É aí que entra em cena Marcela Brandão, mãe de Kaíque. Aos 38 anos, tatuadora e praieira, ela é peça fundamental para que o filho crescesse mais conectado com o mundo real do que com o virtual.

“Na verdade, acho que forcei a não usar (tela) porque nunca concordei com criança com a cara enfiada no celular”, afirma. Para ela, ver o filho com o telefone na mão é motivo de incômodo. “Eu fico agoniada só de ver, então eu não deixo, nunca deixei”, explica.

Kaíque, o menino que pesca com as mãos
Muito além do vínculo tradicional entre mãe e filho, Marcela Brandão e Kaíque também se conectam em ambientes como a praia. Crédito: Fernando Madeira

Marcela Brandão

Tatuadora e mãe

"Quando a criança não fica muito em tela, ela acaba se forçando mais. Daí fica criativo, caçando coisa para fazer"

Conversando com Kaíque e Marcela percebe-se, de imediato, uma relação marcada por confiança, amor e parceria — muito além do vínculo tradicional entre mãe e filho. Eles são amigos e companheiros de aventura. “A gente fecha junto na praia. Vai para Barra do Jucu, Praia da Sereia, Setiba, subimos o Morro do Moreno, faz trilha”, conta Marcela. Ela não só incentiva, como participa ativamente das aventuras do filho. “Eu acho bacana e levo os amigos deles juntos”.

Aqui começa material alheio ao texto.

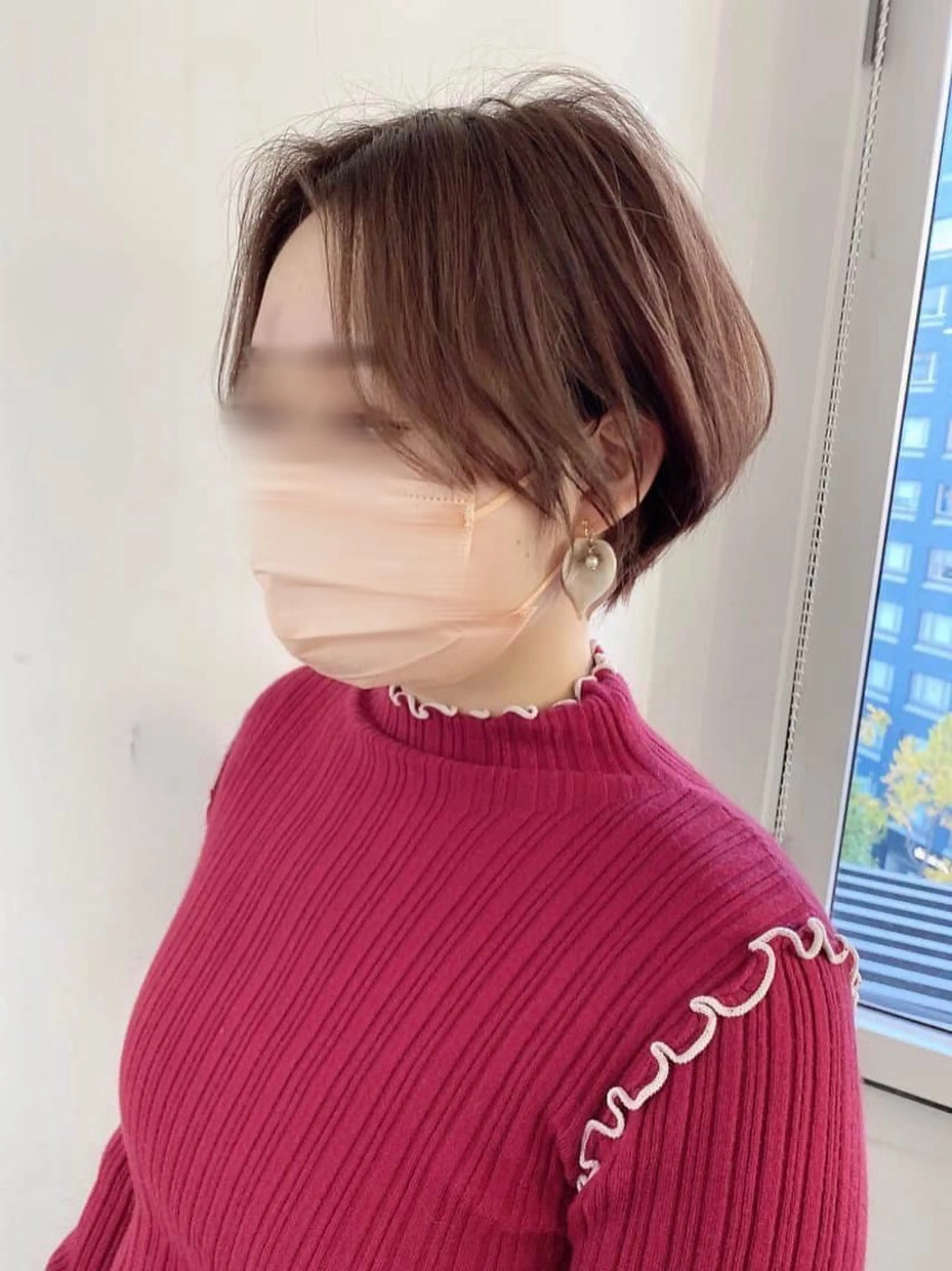 ショート い な み ま なのヘアスタイル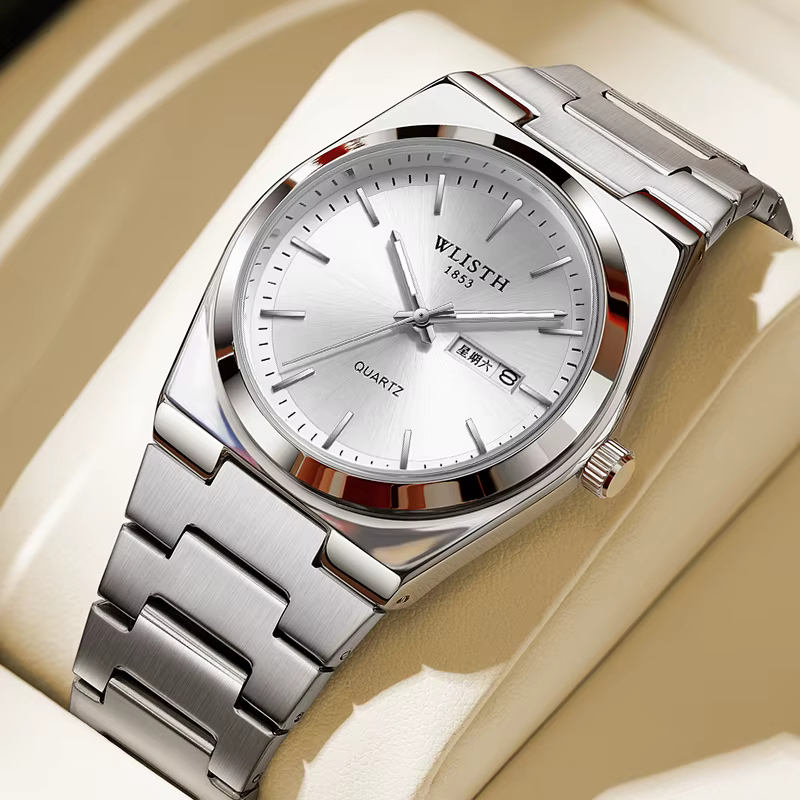 WLISTH luxe hommes montre étanche mode affaires montre en acier inoxydable montre pour homme montres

O amor entre mãe e filho não se expressa somente no olhar ou na maneira como um fala do outro. Marcela, como uma boa tatuadora, marcou o sentimento na pele, com uma tatuagem em homenagem a Kaíque.

Kaíque, o menino que pesca com as mãos
Na própria pele: Marcela tem o nome do filho, Kaíque, tatuado no braço esquerdo. Crédito: Fernando Madeira

Para o menino, ter esse incentivo dentro de casa foi essencial para despertar e alimentar a paixão pela natureza. E ele fala sobre isso feliz da vida. “Tenho vários amigos do meu prédio que vão comigo, mas minha mãe é minha parceira favorita de ir à praia”, afirma com um sorriso.

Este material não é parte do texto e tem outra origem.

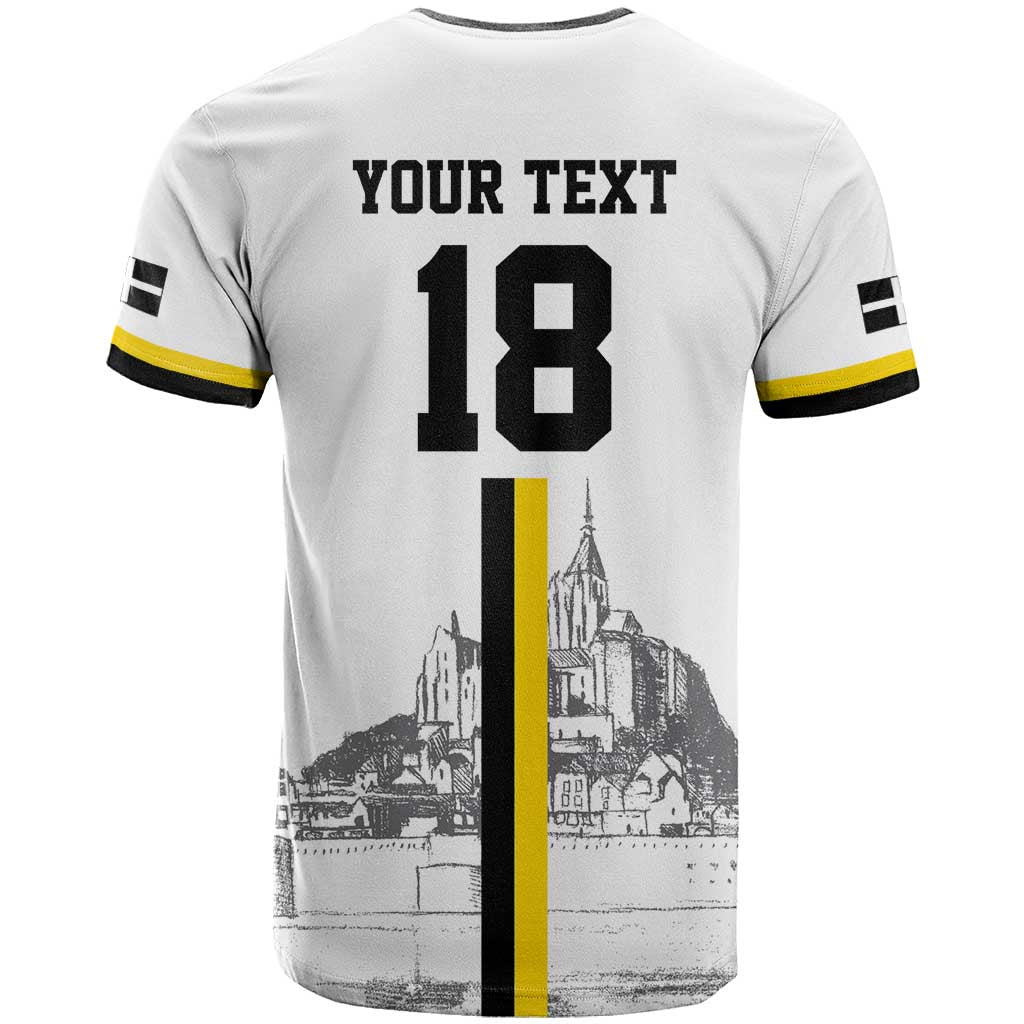 Custom Cornwall Football T-Shirt Mont Saint Michel Graphic Tee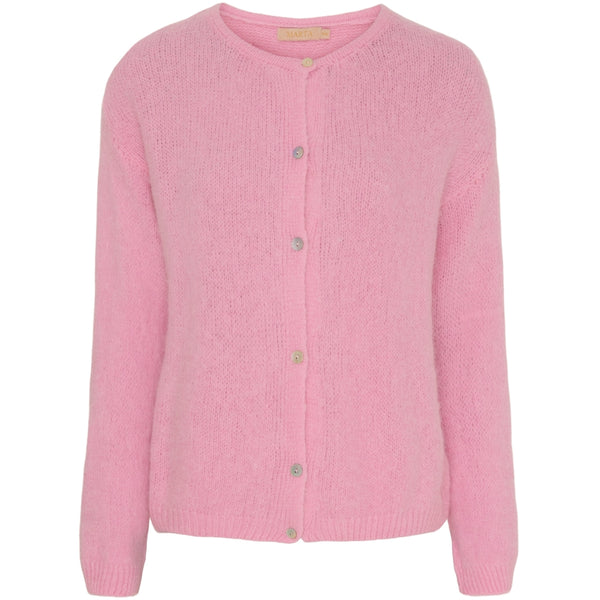 MARTA DU CHATEAU Marta du Chateau dam stickad MdcKiki 2406 Cardigan Baby Pink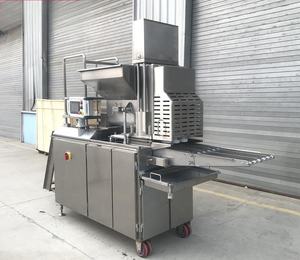 Nueva condición automática de nuggets de pollo y hamburguesas máquina formadora de diferentes formas 7.5kw 200-400 kg/h - Product Image 3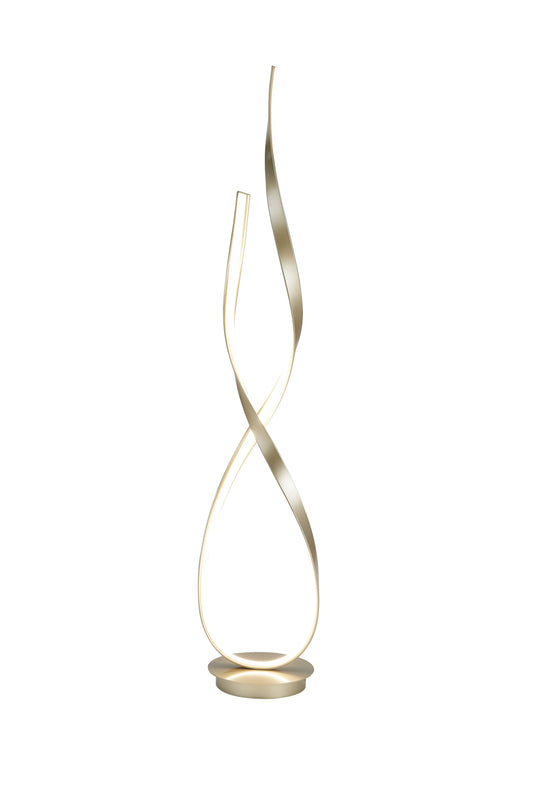 Vienna LED 55" Tall Floor Lamp // Sandy Gold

Entretanto, a habilidade de Kaíque com os peixes parece ser apenas uma parte das atividades manuais. O menino lida com naturalidade, garante a mãe. “Ele gosta de pegar os bichos todos na mão”, conta Marcela, rindo. 

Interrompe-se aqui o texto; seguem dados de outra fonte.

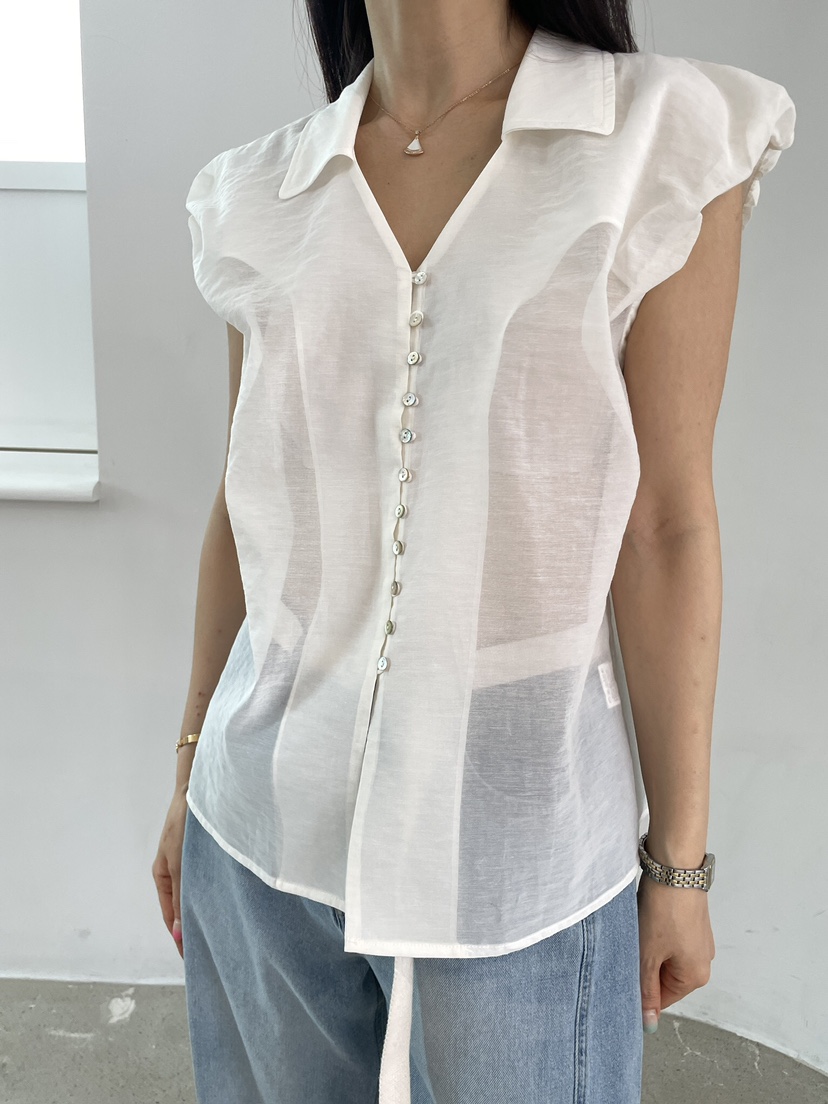 EDITION-P韓國直郵實拍女士新款人氣休閑26春夏襯衫蕾絲衫EDITION/CHAHEE襯衫/蕾絲衫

E, mais uma vez, a mãe tem papel fundamental nessa história. Desde pequeno, o jovem aventureiro aprende com a mãe como pegar os bichinhos. “Minha mãe tinha ensinado a pegar aqueles lagartos de parede. Aí pegava, fazia tipo uma forca. Como ele não se importava, colocava no pescoço dele. Pegava e soltava depois”, relata o menino.

Seja no mar ou em casa, Marcela se beneficia do talento do filho, e tira "vantagens" desta habilidade. "Quando aparece bicho em casa, peço para ele pegar”, contou brincando.